ID Number: Q11623
2.00 3.00
WINDOWS
Summary:
A technique for aliasing procedure names in Windows allows procedure
calls to be transparently intercepted. You can use this technique to
monitor activities such as checking arguments for validity.
More Information:
To intercept procedure calls transparently, first build a Windows
executable code library that resembles the following:
HANDLE MyGlobalAlloc( flags, size )
WORD flags;
DWORD size;
{
/* Perform any type of monitoring necessary here.
if ( !size )
return 0;
*/
return RealGlobalAlloc( flags, size );
}
HANDLE FAR PASCAL main( argc, argv )
WORD argc;
LPSTR argv;
{
return 1;
}
Next write the definitions file for the library above as follows:
BOO.DEF:
LIBRARY BOO
DESCRIPTION "Procedure call interception library."
DATA SINGLE MOVEABLE
CODE MOVEABLE DISCARDABLE
EXPORTS
GlobalAlloc=MyGlobalAlloc
IMPORTS
RealGlobalAlloc=KERNEL.15
You can obtain the ordinal numbers for the KERNEL routines (or for any
other routine) by using the LIB.EXE program to list the contents of
SLIBW or MLIBW.
Build a dynamic link library (DLL) by running IMPLIB BOO.DEF as
follows:
IMPLIB BOO.DEF BOO.LIB
Build the library executable by using the following table:
link4 boo,,,mlibw mlibc,boo.def;
Next dynamically link to BOO.EXE by linking to BOO.LIB as follows:
link4 car,,,boo mlibw mlibc,car.def;
Any calls to GlobalAlloc are routed to MyGlobalAlloc first because of
the name aliasing.
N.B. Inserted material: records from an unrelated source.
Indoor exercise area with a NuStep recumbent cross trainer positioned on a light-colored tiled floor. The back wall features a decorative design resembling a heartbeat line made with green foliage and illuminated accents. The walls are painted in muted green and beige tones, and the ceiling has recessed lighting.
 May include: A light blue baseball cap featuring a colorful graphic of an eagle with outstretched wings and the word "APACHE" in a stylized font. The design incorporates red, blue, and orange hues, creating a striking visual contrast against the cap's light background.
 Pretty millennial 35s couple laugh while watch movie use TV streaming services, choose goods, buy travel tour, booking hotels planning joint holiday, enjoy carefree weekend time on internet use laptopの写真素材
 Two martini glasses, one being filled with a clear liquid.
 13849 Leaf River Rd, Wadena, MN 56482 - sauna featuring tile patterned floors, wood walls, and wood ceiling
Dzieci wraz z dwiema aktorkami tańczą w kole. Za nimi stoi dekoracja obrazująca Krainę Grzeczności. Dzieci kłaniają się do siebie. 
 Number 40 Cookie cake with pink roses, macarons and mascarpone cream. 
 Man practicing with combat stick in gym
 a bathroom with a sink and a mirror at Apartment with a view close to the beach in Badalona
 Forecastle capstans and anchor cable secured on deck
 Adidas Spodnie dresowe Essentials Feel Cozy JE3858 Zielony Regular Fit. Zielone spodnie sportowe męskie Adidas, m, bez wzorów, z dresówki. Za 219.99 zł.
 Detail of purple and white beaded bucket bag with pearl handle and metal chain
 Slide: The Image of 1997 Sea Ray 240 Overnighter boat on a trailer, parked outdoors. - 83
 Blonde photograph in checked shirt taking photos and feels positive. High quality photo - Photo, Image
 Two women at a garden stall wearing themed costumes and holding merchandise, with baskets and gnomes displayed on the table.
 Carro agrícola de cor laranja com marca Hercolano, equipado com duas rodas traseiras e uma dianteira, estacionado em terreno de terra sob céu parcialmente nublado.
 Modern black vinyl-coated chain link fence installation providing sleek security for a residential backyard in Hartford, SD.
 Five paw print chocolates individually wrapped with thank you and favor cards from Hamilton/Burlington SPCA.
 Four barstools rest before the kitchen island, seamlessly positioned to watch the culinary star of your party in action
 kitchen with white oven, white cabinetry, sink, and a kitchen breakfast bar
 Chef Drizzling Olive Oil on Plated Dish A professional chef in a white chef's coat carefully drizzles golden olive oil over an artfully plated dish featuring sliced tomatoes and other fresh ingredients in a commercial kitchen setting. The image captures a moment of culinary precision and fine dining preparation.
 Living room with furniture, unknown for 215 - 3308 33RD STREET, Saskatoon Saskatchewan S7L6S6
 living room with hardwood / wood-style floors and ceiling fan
This technique is very powerful and can be used to
implement any type of monitoring function. In the case of GlobalAlloc,
the monitoring is transparent in the sense that it is not necessary to
recompile the application to remove error checking; simply link to
MLIBW.LIB instead of to BOO.LIB MLIBW.LIB.